I found the answer. Let me summarise!

 

Seaweed farms could revolutionise the world. 2% of the world's oceans are nutrient rich enough for these farms. Nutrients come from coastal erosion or oceanic upwelling. Sometimes there is nutrient pollution which causes algal blooms and dead zones. Seaweed farming can help mop up excess nutrients and restore ocean health. A new vertical column method of farming the oceans grows both kelp and shellfish and oysters and even encourages fisheries to grow in an ocean ecosystem based approach. Watch this 15 minute TED talk about seaweed feeding the world, and even bringing some of that seaweed back up onto our farmlands to help our farmers.


Many seaweeds are a rich source of vegetarian super-food in their own right, and help form a whole variety of seaweed ice-creams, salads, sauces, and other food ingredients.
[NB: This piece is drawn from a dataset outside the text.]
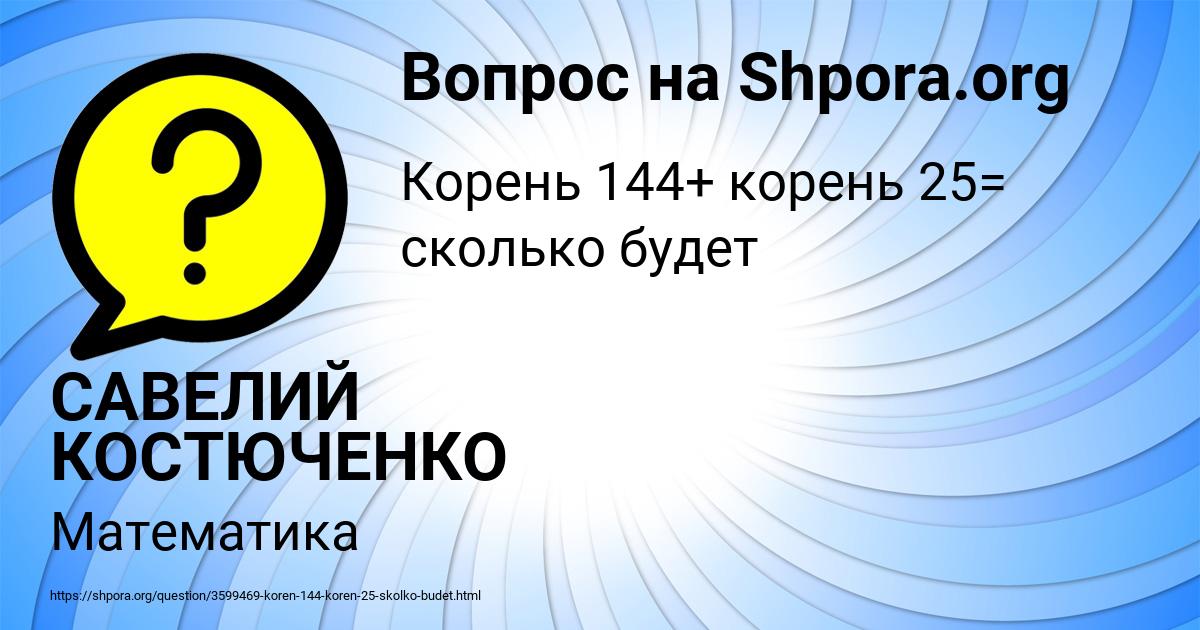 Картинка с текстом вопроса от пользователя САВЕЛИЙ КОСТЮЧЕНКО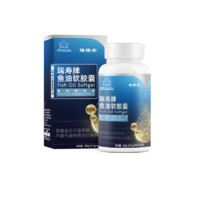 FREYANT 福雅安 瑞寿鱼油 0.5g*60粒*2瓶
Kelp farms also stimulate ocean ecosystems, and there are a variety of oysters and shellfish and even wild fish that will grow in amongst the kelp farms. We could feed the world from a small fraction of the 2% of the world's oceans that have their own nutrients. Not that we would be limited to only seaweed and seafood! Think of all the seaweed fertiliser this industry could grow.We could grow so much seaweed that we bring some onto land, get the salt out, and use it as fertiliser. Seaweed could bring our soils back to life. There is even a special seaweed that cows love and eliminates their methane burps! Methane burps are bad news, and cattle lose 15% of their growth to these energy losing burps. But a special seaweed cuts their burps by 99%, solving cattle's infamous methane climate emissions, *and* helping the cows grow faster!


Now here's where it gets really bizarre, and potentially planet-saving. Some peer-reviewed work has been done imagining extending kelp farming out into the nutrient-poor open ocean. They start farming the nutrient rich waters. Then a previous season's kelp is biodigested to collect methane gas out the top, leaving the digested kelp nutrients behind. They then recycle those nutrients out in nutrient poor waters. They use slow drip feed hoses and 'tea-bags' that slowly fertilise the kelp, extending the kelp farms out into what was nutrient poor water. This means that nutrients are not a limit to where we can grow kelp!

What if we really went crazy and farmed about 9% of the world's oceans this way?

It would give:-

* a world of 10 billion people half a kilogram of seafood per person per day!

* all the biofuels and biogas we could need to backup a renewable grid (and this is coming from someone who is usually pro-nuclear because of the intermittency and unreliability of renewables!)

* remove ocean acidity 

* restore our atmosphere to 350ppm by 2085

In other words, seaweed is a silver bullet to feed the world, save the oceans, and save us from climate change, all in this free PDF. "Negative carbon via Ocean Afforestation". Just register, and download it for free.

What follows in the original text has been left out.